ARTÍCULO

La CNT en los años treinta

 

Julián Casanova es el más destacado especialista actual sobre el anarquismo español de la época de la República y la guerra civil. Su fidelidad a este tema ha sido constante, desde aquella tesis doctoral sobre las colectividades libertarias y el Consejo de Aragón en 1936-1937 que al publicarse fue saludada por Raymond Carr como el mejor libro aparecido sobre la guerra civil española a principios de los ochenta. Ahora, con este De la calle al frente. El anarcosindicalismo en España (1931-1939) ofrece una interpretación global y sintética que da la impresión de cerrar todo un ciclo personal de investigación y reflexión sobre el asunto.

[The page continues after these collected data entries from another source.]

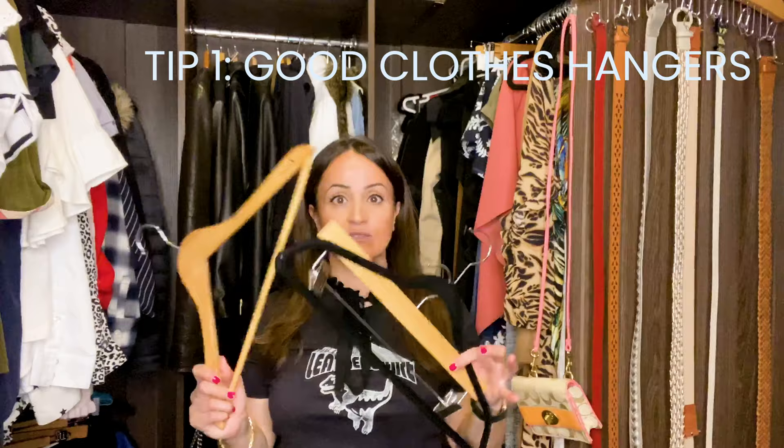Tip number one: invest in some coat hangers. It'll help maximize and transform your wardrobe, and not only that, you will feel amazing picking out your clothes because everything looks so organized and uniform — and that is the whole point. I would invest in getting all your coat hangers looking the same and throwing out any that are not part of the collection.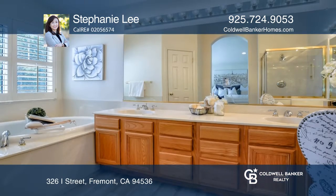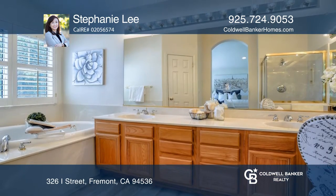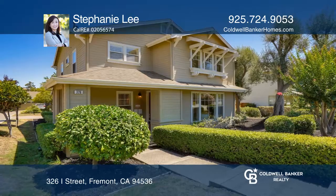Enjoy the master with a walk-in closet and bath with soaking tub. Hear all the details when you tour with Stephanie Lee.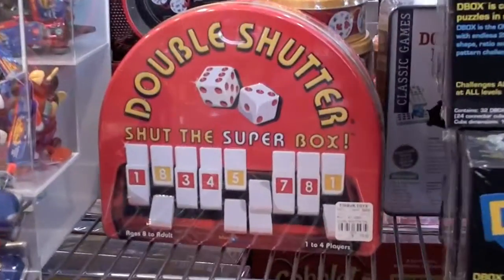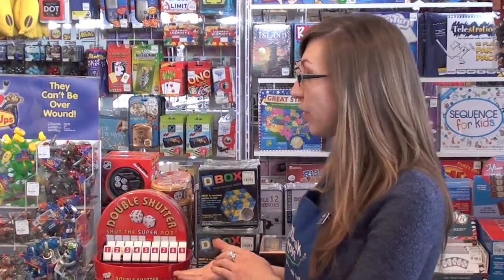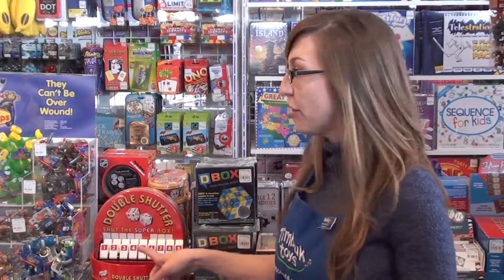Hi, I'm Holly from Timbuk Toys in Lakewood, and I'm here to show you Double Shutter. Double Shutter is a wonderful early counting and math game for kiddos ages 8 and up. You can do it by yourself or with a friend, and it's great for on the road.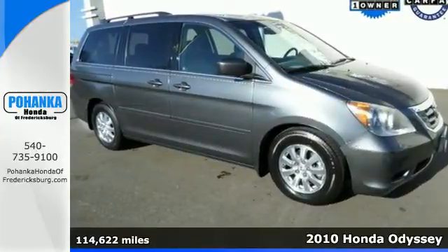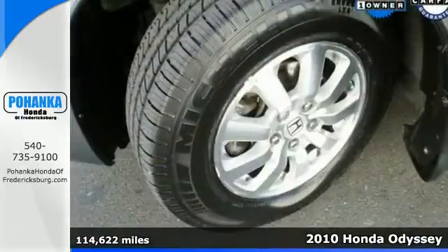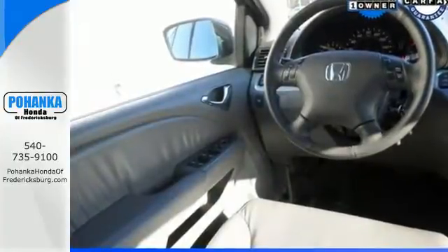It's a 2010 Honda Odyssey. Dare to compare the Odyssey to any other minivans with its standard remote power door locks, all-season tires, and premium audio system with CD player, MP3 input, and element antenna.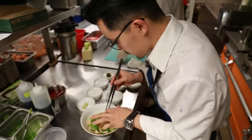My name is Douglas Kim, owner-chef at Jeju Noodle Bar. I've been working in the restaurant industry for 19 years. Today, I have the privilege to taste instant ramen.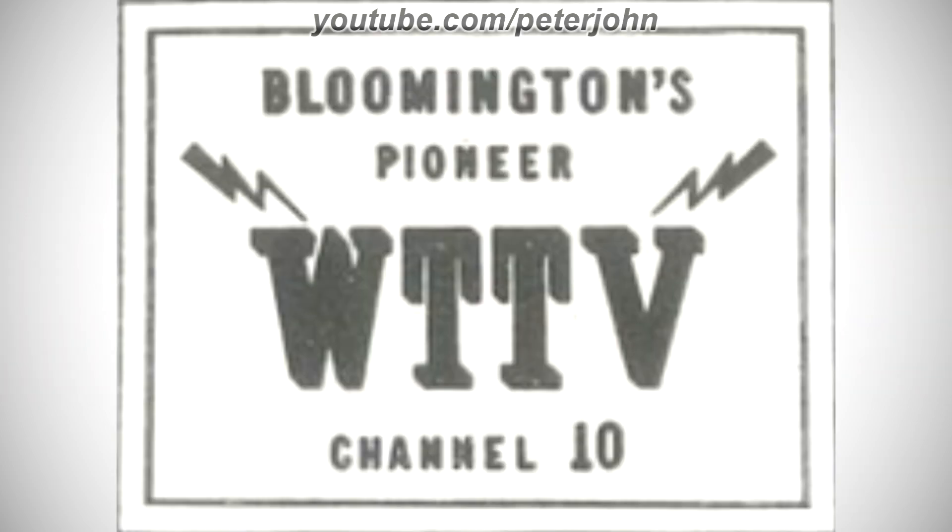1949–1954: there is a black rectangle, and inside it there are the words Bloomington's and Pioneer in black text, and under them there are two black lightnings, and under them there are the words WTTV, Channel, and 10 in black text.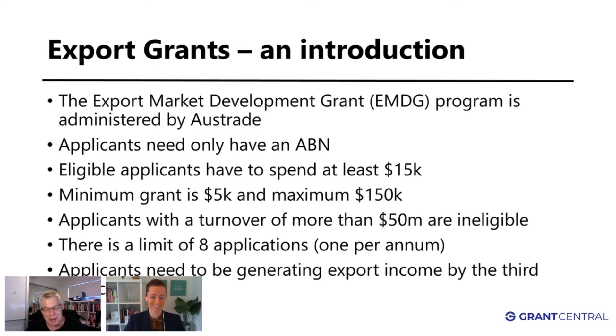You have a major problem if your turnover is over fifty million dollars, because you can no longer receive any money from the export grant. There are people who think that threshold is still too high, but the government is trying to help as many businesses as possible to grow their exports. There is a limit of eight applications, and in the first year you can put two years together.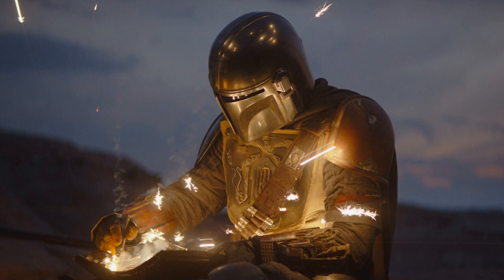Fans started noticing Epic Games listed in the credits of The Mandalorian shortly after the show debuted back on November 12, but Disney revealed the collaboration back in a 2018 investors' brief. However, the company didn't mention the show by name, so it somewhat slipped under the radar.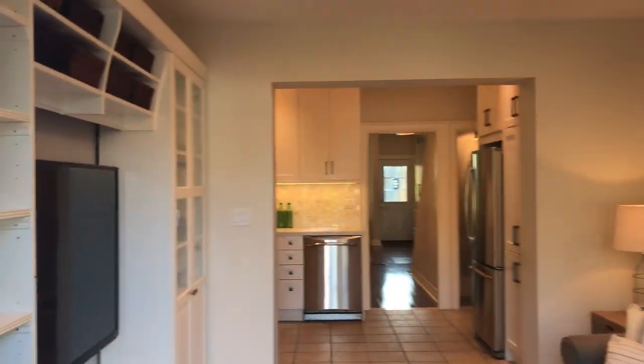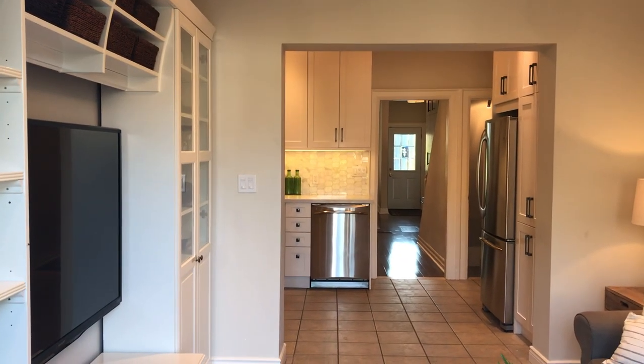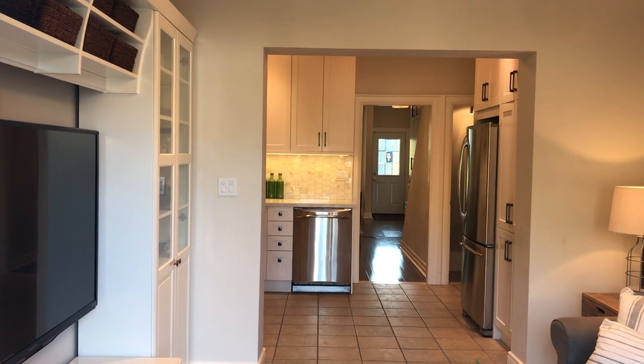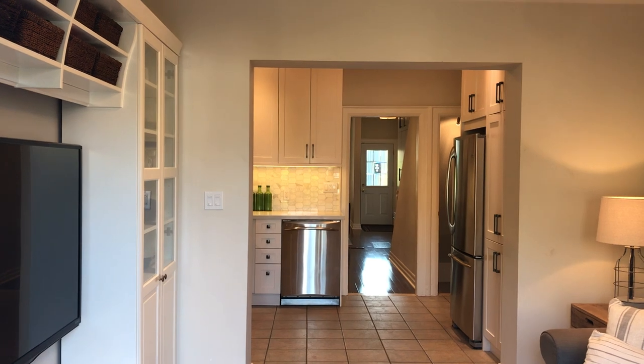The exterior of 669 Beresford Avenue. Check out our website lovelytorontohomes.com for the floor plans, more details about the house, tons of pictures and all kinds of good stuff. Thanks for watching!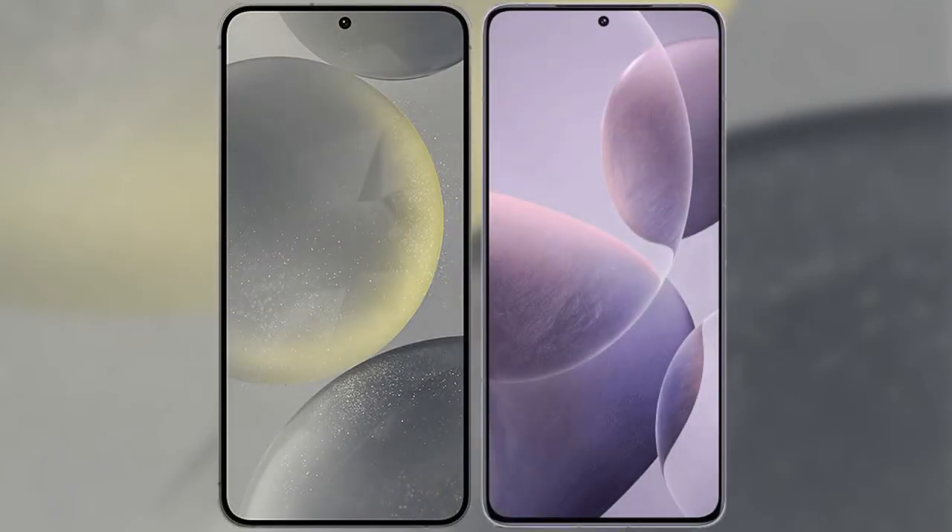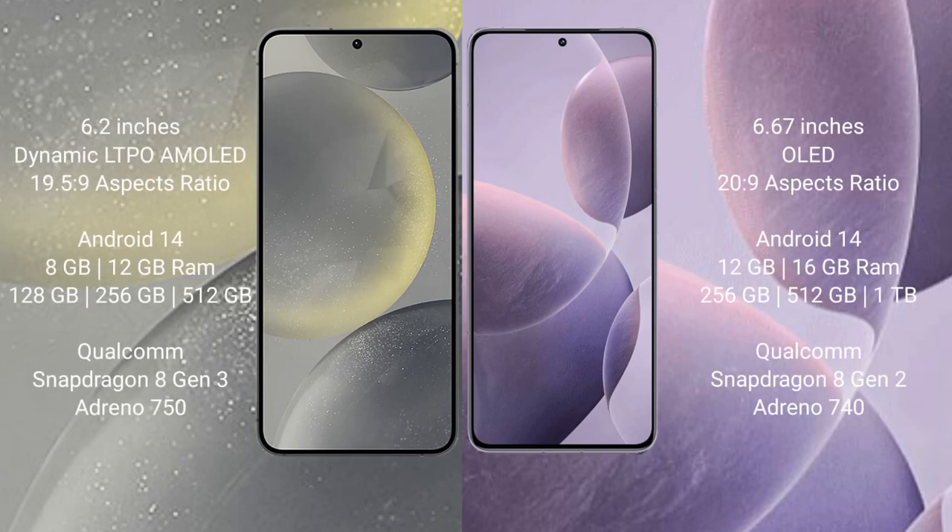I will compare the new Samsung Galaxy S24 with the Redmi K70. The Samsung Galaxy S24 comes with a 6.2-inch Dynamic AMOLED display and Android 15/9 aspect ratio. The Redmi K70 comes with a 6.67-inch OLED display and Android 20/9 aspect ratio.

No todo lo que se dice en este libro es original, sino que se beneficia –como el autor reconoce– de muy buenas investigaciones firmadas a lo largo de estos años por Aurora Bosch, Susana Tavera, José Manuel Macarro, Mercedes Vilanova y otros. Pero, se crea o no, esta es la primera historia global de la CNT en los años treinta desde la escrita por John Brademas hace ya casi medio siglo.

La versión actual cuestiona, como no podía por menos, muchas de las verdades aceptadas hasta hace poco. En vez de explicar, por ejemplo, el enfrentamiento inicial de la CNT con la República a partir de los principios doctrinales libertarios, parte de la rivalidad con la otra gran central sindical, la UGT, enconada tras la colaboración de ésta con la administración estatal en los años de Primo de Rivera y llevada al extremo por el descarado favorecimiento de los intereses ugetistas por Largo Caballero como ministro de Trabajo de la República. Una rivalidad que fue el origen de muchos de los problemas de la coalición republicano-socialista, cosa que tantos, empezando por Azaña, no supieron ver.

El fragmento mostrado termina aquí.